For the usability of the PtDA, all individual and PR HCP proposals were actioned. This led the PtDA to have clearer instructions, additional prompts to encourage support from others in their decision-making, activities that were easier to engage with, and a more digestible format. This change facilitated the presentation of options side by side, especially once the additional attributional data had been added, which importantly helped to remove bias towards one option over another [48].

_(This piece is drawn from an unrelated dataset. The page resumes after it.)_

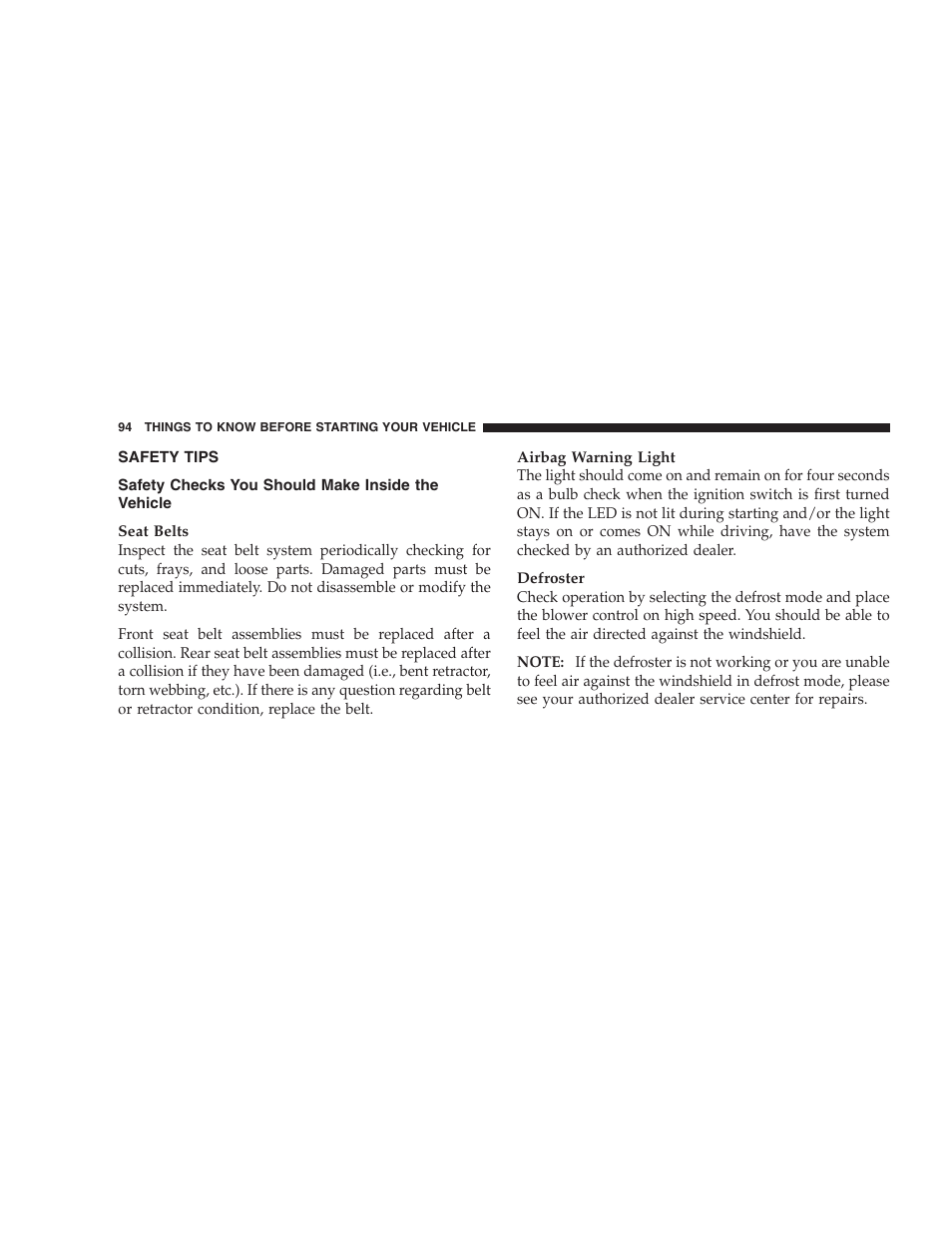 Safety tips, Safety checks you should make inside the vehicle | Dodge 2009 Caravan User Manual | Page 96 / 534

Key strengths of intervention development were that it was developed by a multidisciplinary expert team, including representation from individuals living with COPD, and it took a clear systematic and transparent approach. A limitation was two authors from the telerehabilitation systematic review could not be contacted which meant their data could not be included within the PtDA. This omission may have resulted in an overall over or underestimation of the efficacy of the home-based PR options. In our alpha testing phase, we believe we had good representation from PR HCPs as the majority of our local team contributed, however, we recognise that we had a small number of individuals who contributed. It may be that we did not capture the diversity of opinions of all individuals living with COPD, however we did obtain rich, in depth data from this qualitative work We will be exploring individual appraisals further in a mixed methods feasibility study. Finally, the intervention as it stands is only available in English. The steering group will consider its cross-cultural adaptation following its feasibility and acceptability evaluation.

Conclusions

We have developed a three-component SDM intervention to support individuals living with COPD make informed and values-based decision about PR using a systematic, research, user-centred and co-design process. We considered implementation and integrational ability throughout by conducting pre-feasibility testing with individuals living with COPD and PR HCPs. Should it prove acceptable and effective clear implementation strategies have been outlined to support its integration into the PR pathway.

Study registration

Registered on Clinical Trials.gov (NCT04990180) in August 2021. Protocol version 7.0, 9 November 2021.

Acknowledgments

We would like to thank all participants for their valued contribution to this research.